In four to six months, the hot springs are expected to reopen under the management of Ecotopia, a nonprofit organization dedicated to responsible, sustainable stewardship of the property.
“We knew how upset some people were going to be that they wouldn’t have access (to the hot springs) for a period of time,” said Gunnar Lovelace, who owns the land along with his family and is a co-founder of Ecotopia. “We know there’s a lot of people that go (to the hot springs) who love and respect the land, but there’s a distinct and growing segment who go to party and they trash the land.”
Ojai Police said there has also been criminal activity in the area, primarily vehicle break-ins. “On average, we see about two to three vehicle break-ins per month up in Matilija Canyon,” said Ojai detective Mike Harris. “It’s the same issues we’ve had at other trailheads throughout the county.”
Lovelace said residents in the canyon are on the lookout for cars parked on the side of the road, and that they plan to alert police if anyone is seen trespassing on the property.

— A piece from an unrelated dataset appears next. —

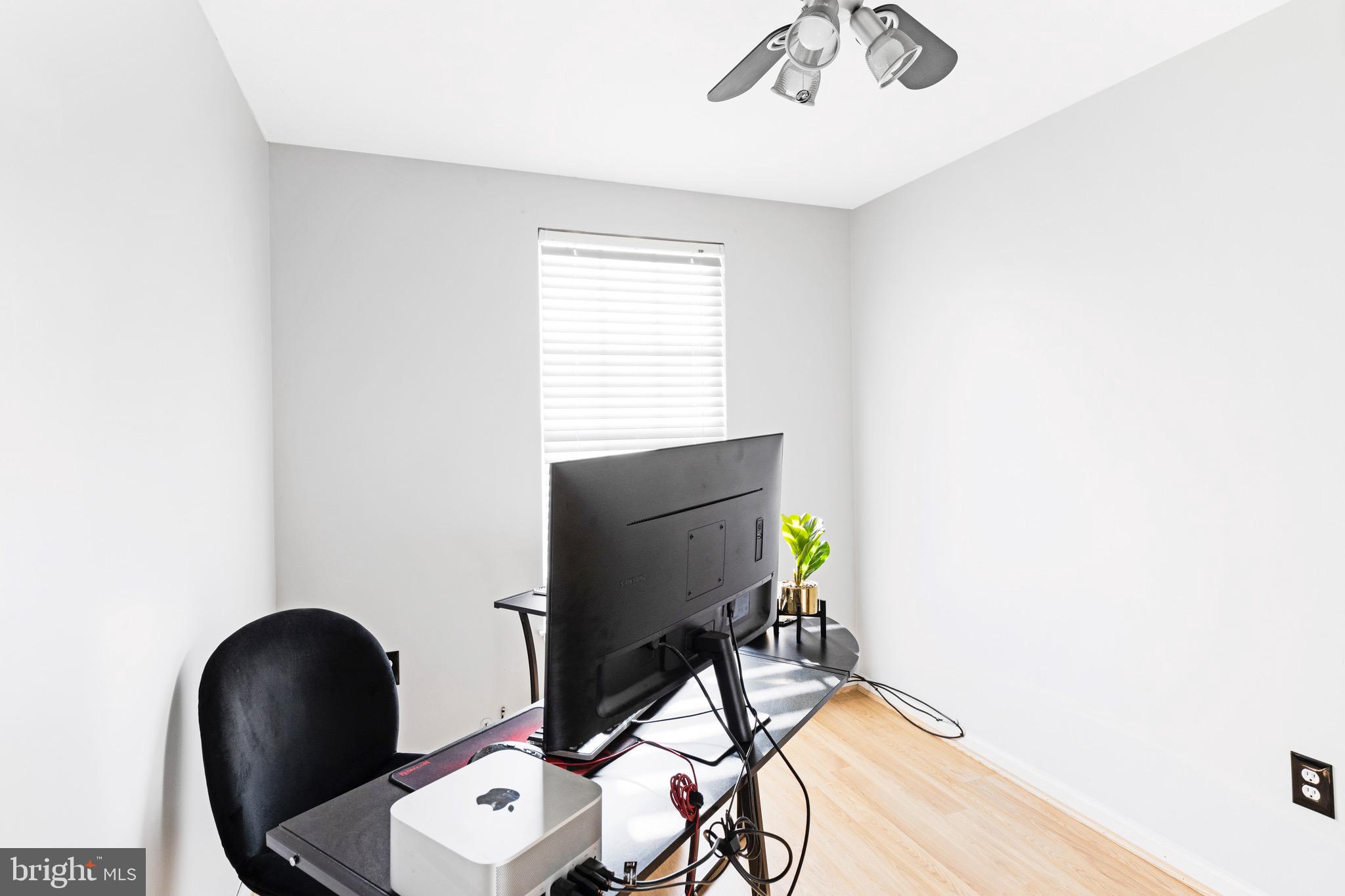 WEST SHORE - Residential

Ojai police are supporting the efforts by responding to calls for service, and will also conduct periodic patrols. “We need to allow the land time to rest and reset the energy,” Lovelace said. “We need to slow the whole thing down, really make sure that it is reasonably safe for our staff and volunteers to come in and manage the land.”
Lovelace said surrounding neighbors and the U.S. Forest Service all agreed with a property assessment that proved the hot springs were on his family’s property. That cleared the way for them to move forward with their plans for the land.
Those plans include public access, but, Lovelace emphasized, “The era of using the land without giving something back is coming to an end. One of the concerns that’s arisen is whether or not we’re going to be charging money and try to commercialize it. That’s never been our aim with this property. What we’re interested in doing is creating an exchange network … if you want to come use the land, you’ve got to give something to the land, be it your time, a service, an in-kind gift, help pick up trash or it can be a financial contribution.”
Local Chumash elder Julie Tumamait-Stenslie supports the spirit and efforts of the Ecotopia group, and recently held a ceremony on the ancient site to help initiate healing the land. “We prayed, asked for guidance for what needs to happen there, how it can guide us and direct its use for the future,” she said.
Regarding the resting period, she said, “I think it’s really necessary. The litter, health issues, no restrooms, that kind of stuff. It’s just practical stuff right now, and then we’ll go from there. It’s going to be a change, but a change for the better.”
Tumamait-Stenslie also addressed the issue of giving back to the land in exchange for use of the hot springs. “Some people argue with this purchase — ‘Oh, they’re going to be charging money to go there now?’ And I’ve said to a couple of people, ‘Well, what if I bought it, what if my tribal group bought it? We would need money to do the things we’d need to do for the land.’ We’re not a federally-recognized tribe, we don’t have federal aid or grants … so we would need to ask for everybody’s donations to help support us. And I think that’s what Gunnar is looking to do — be stewards of the land.”
Lovelace said his family has studied the site for about two years now and has met extensively with neighbors, the U.S. Forest Service and other community representatives to determine the current state of the land and receive input on what to do once the resting period ends. As Tumamait-Stenslie pointed out, “There are lots of questions that are unanswered — and we have to ask them.”
To that end, Lovelace and the Ecotopia group will host a community meeting Wednesday from 7 to 9 p.m. at Yoga Nest, 2240 Maricopa Highway (parking is available on the highway). Ecotopia representatives will give an overview of their vision for the land, then will host a question-and-answer session and receive feedback from attendees.
“We need input from the community,” Lovelace said. “This is basically an opportunity for the community to meet the parties who are interested (in helping restore the land). This is about the community seeing itself and becoming involved in a real way.”
Editor’s note: This article was revised June 21, 2103 to remove an inaccurate contact web address.